ネット配信時代を控え岐路に立つ新聞社経営

2009-12-19 | Weblog
 18日付けの朝日新聞に特ダネとして、ソニーが来年から米国で新聞のネット配信サービスを開始する、との記事が掲載された。それによると米ウォール・ストリート・ジャーナル(WSJ)紙が月額14.99ドル(約1350円)で購読できる、という。日本では新聞各社がシステム的に対応が遅れているため、米国が先行した形となっているが、衝撃的なのは月額購読料金が宅配で購読する料金の3分の1となっていることで、新聞社経営が重大うな岐路に立つことになるのは間違いない。
 朝日新聞によると、ソニーが米国で発売する電子新聞購読装置はタッチパネル方式の7インチ(約18センチ)のワイドスクリーンで、通信装置も付いている。新聞紙面から広告を除いた内容が毎朝5~6時に閲覧できるようになる、という。ソニーではWSJ紙に続き、ニューヨークポスト紙、WSJ夕刊、さらには英ファイナンシャル・タイムズ紙などの配信を順次行っていく計画という。

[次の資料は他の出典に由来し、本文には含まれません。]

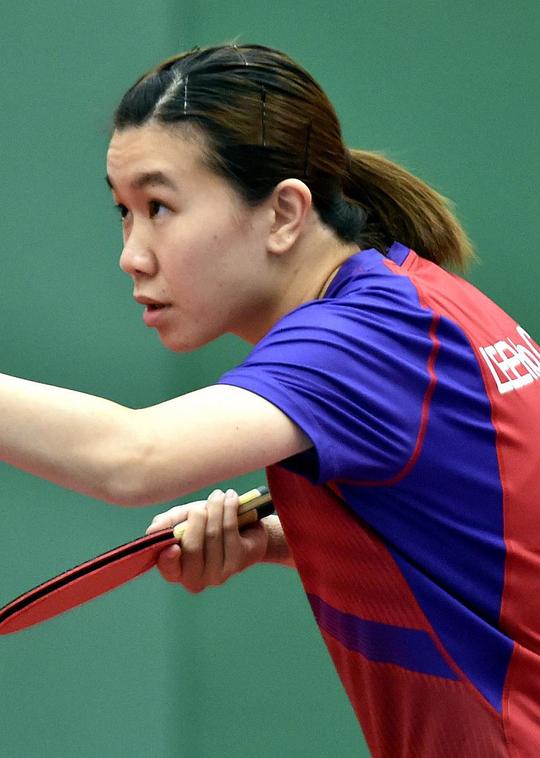 李皓晴 Lee Ho Ching照片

 米国ではすでにアマゾン・ドットコムがデンシ端末装置「キンドル」を用いて新聞のネット配信サービスを始めており、「キンドル」のような電子新聞を受信できる装置は国内で300万台普及している、とみられている。このうちキンドルが60%、ソニーが35%のシェアを占めており、これが来年には600万台になる、とみられている。
 ソニーは日本での展開を考えたが、日本の新聞各社がまだシステムが整っていないことを理由に紙面の電子提供を断ったため、米国から先行させることにしたようである。
 日本の場合、日本全国で約6000万部販売sらえている新聞はほとんどが街の新聞販売店を通じて家庭に宅配されている。国民1人当たり0.5部という世界でも驚異的な新聞購読率を記録している最大の理由はこの宅配制度によるところが大きい。しかも駅やコンビニなどで1部づつ購入するようりも月決めの宅配で購読する方が料金が安いという経済合理性に反する制度に乗っかってのものである。
 新聞社が電子新聞によるネット配信サービスを開始するということは自らの手でこの宅配制度に風穴を開けるということになる。しかも、もうひとつの難問はネット配信サービズの料金で、WSJの場合、宅配による購読料金に比べ3分の1という安さである。仮に全読者がネット配信に切り替えたとしたら、新聞社の売り上げは3分の1になってしまうことになる。そんなことはないだろうが、ネット配信に切り替わっていけばいくほど売り上げは減少していくことになる。
 まさに新聞経営にとっては前門の虎、後門の狼である。時代の流れから電子新聞に対応しなければ取り残されることになるし、さりとて永年付き合い支えてきてくれた新聞販売店を切り捨てることもままならぬ。
 日本経済新聞はすでに来年春から電子新聞なるものを創刊することを発表している。まだ、提供方法、価格など詳細は明らかになっていないが、その前段として先日、一部売りの料金を来年から朝刊は従来の140円から160円に、夕刊は50円から70円に値上げする、と発表した。日経の一部売りの部数は朝夕刊合わせて約20万部といわれているので、このうち半分売れるとして年間約5億円の増収になる勘定だが、本体の月の購読料金を据え置いて即売だけを値上げするのは姑息な手段としか思えない。電子新聞をにらんでの戦略だとしても時期を含めて意図のわからない値上げである。